Windows-Use: an AI agent that interacts with Windows at GUI layer

(github.com)

Comments

kh9000 12 September 2025
Using the UIA tree as the currency for LLMs to reason over always made more sense to me than computer vision, screenshot based approaches. It’s true that not all software exposes itself correctly via UIA, but almost all the important stuff does. VS code is one notable exception (but you can turn on accessibility support in the settings)
philfreo 12 September 2025
Cool. Reminds me of using SendKeys() in Visual Basic 6 in the 90s

https://learn.microsoft.com/en-us/dotnet/api/microsoft.visua...

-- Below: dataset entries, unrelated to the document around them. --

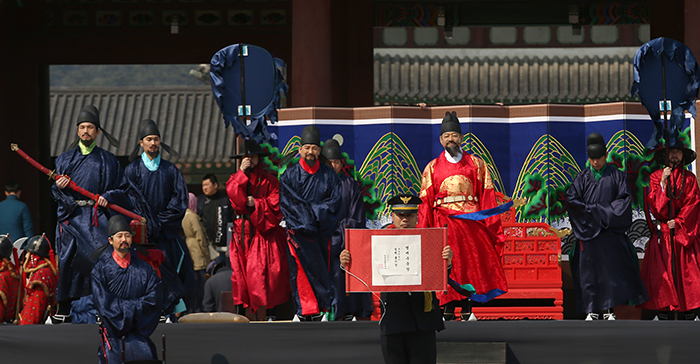 L’officier Ryu Sigyeong, du poste de police de Jongno à Séoul, brandit son certificat de nomination. Il a été désigné garde royal en chef honoraire lors d'une cérémonie qui s’est déroulée au palais Gyeongbokgung.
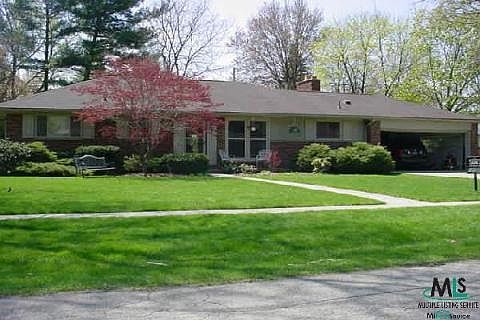 1st image of 17221 S Kinross Ave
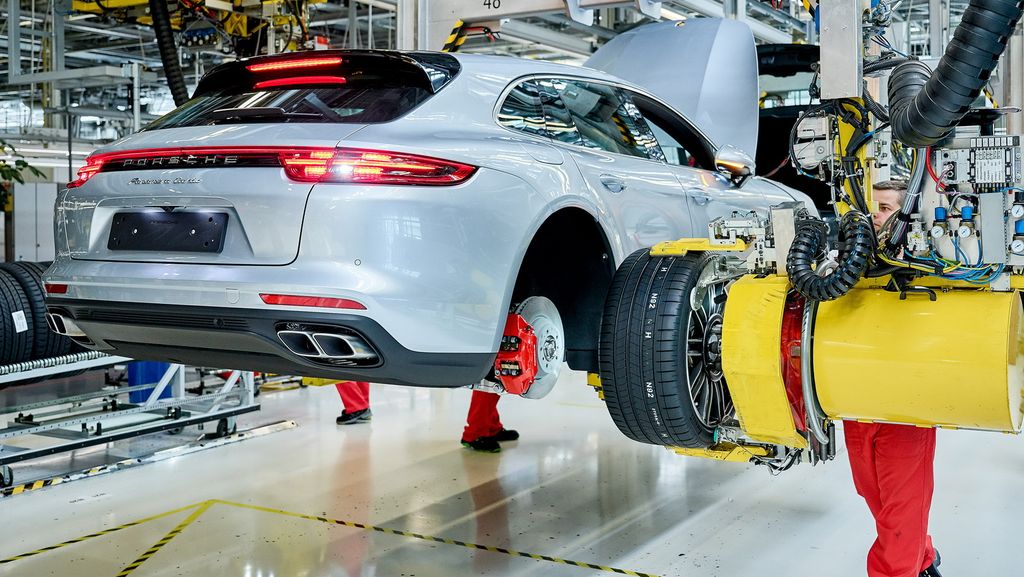Porsche Panamera Sport Turismo đã chính thức được lắp ráp tại nhà máy Leipzig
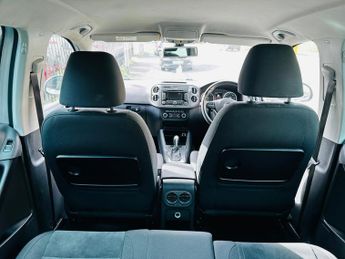 Volkswagen Tiguan 2.0 TDI BlueMotion Tech Match SUV 5dr Diesel DSG 4WD Euro 5 (s/s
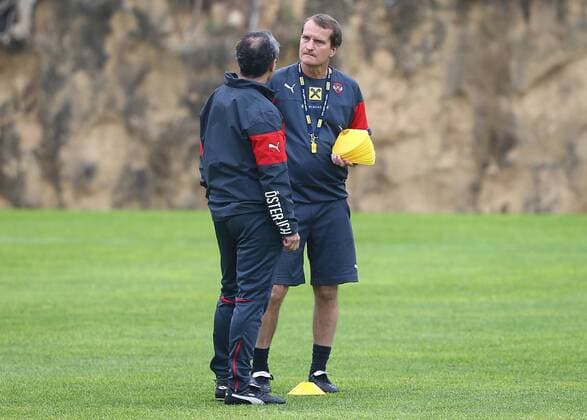 Fußball, Nationalteam Österreich Training SOCCER - AUT, friendly match, preview ALICANTE,12.NOV.15 - SOCCER - OEFB international match, training team AUT. Image shows head coach Marcel Koller and assistant coach Thomas Janeschitz (AUT). GEPAxpictures xChristianxOrt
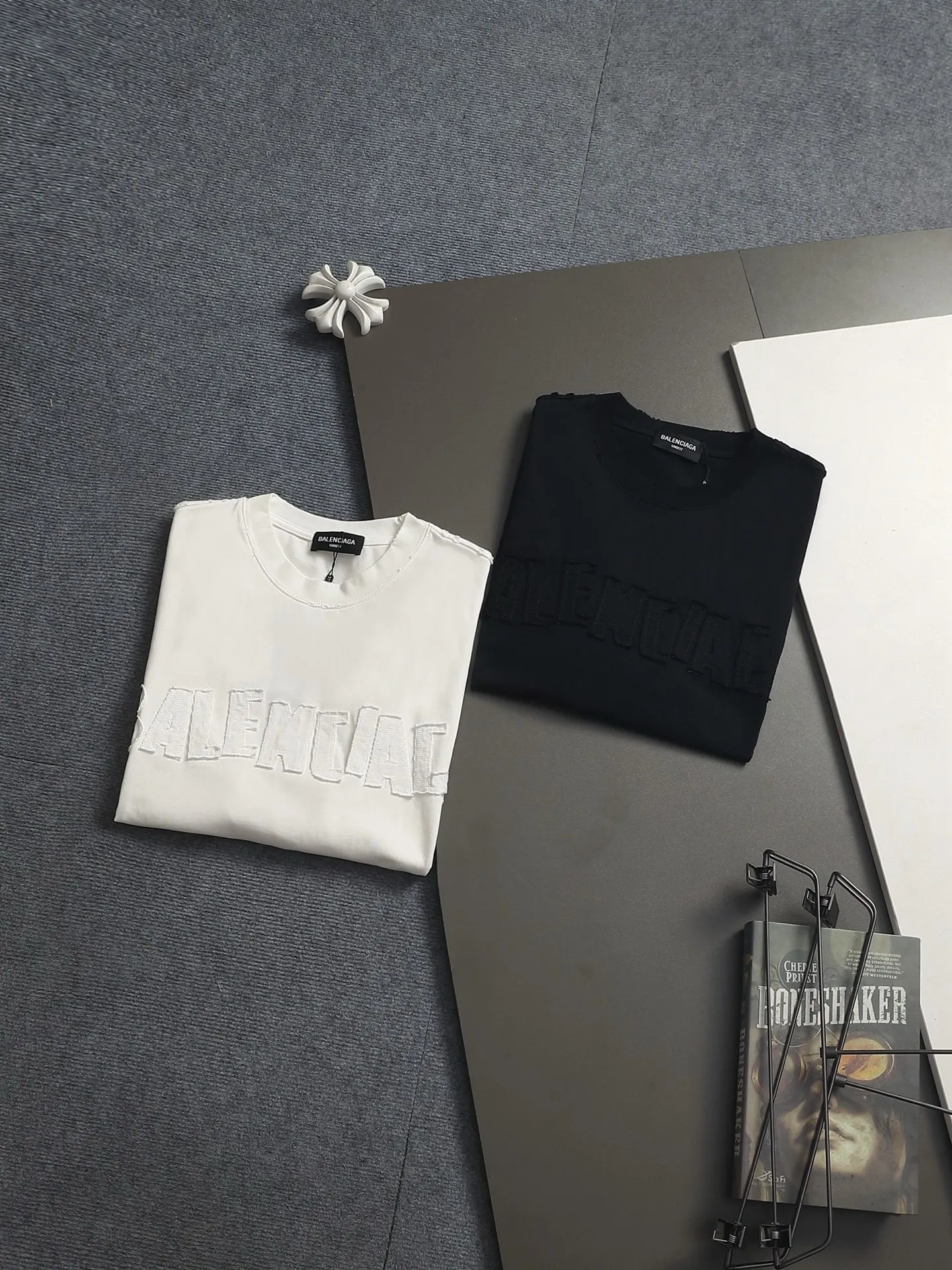 🥝Premium 🥝 𝗕𝗮𝗹𝗲𝗻𝗰𝗶𝗮𝗴/ # 26FW 。 . ZP 320g ， ， 。 。Classic LOGO . n ， 。 ， . Retro. ， OS . Same Style : Black White Size：S M L XL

mtVessel 12 September 2025
I feel vaguely vindicated that the agent can't figure out how to use the modern Save as workflow, either, and reverts to the traditional dialog.
electroly 12 September 2025
Looks awesome. I've attempted my own implementation, but I never got it to work particularly well. "Open Notepad and type Hello World" was a triumph for me. I landed on the UIA tree + annotated screenshot combination, too, but mine was too primitive, and I tried to use GPT which isn't as good at image tasks as Gemini as used here. Great job!
yodon 12 September 2025
Very cool - does anyone know of an OSX equivalent?

Preferably one that is similarly able to understand and interact with web page elements, in addition to app elements and system elements.

tiahura 12 September 2025
LLM’s do a pretty good job of using pywin32 for programs that support COM like office.
dvt 12 September 2025
Working on something very similar in Rust. It's quite magical when it works (that's a big caveat, as I'm trying to make it work with local LLMs). Very cool implementation, and imo, this is the future of computing.
AfterHIA 12 September 2025
I remember an older friend asking me recently; will there be a thing soon where I can make my computer go on auto-pilot?

I guess I can answer, "yes I think so."

MurageKabui 13 September 2025
Awesome job! I'm working on a similar Agent that's highly dependent on AutoIt.
KaseKun 12 September 2025
Can it farm a ber rune for me?
vivzkestrel 13 September 2025
genuinely asking, what do you think are the use cases for someone requiring this?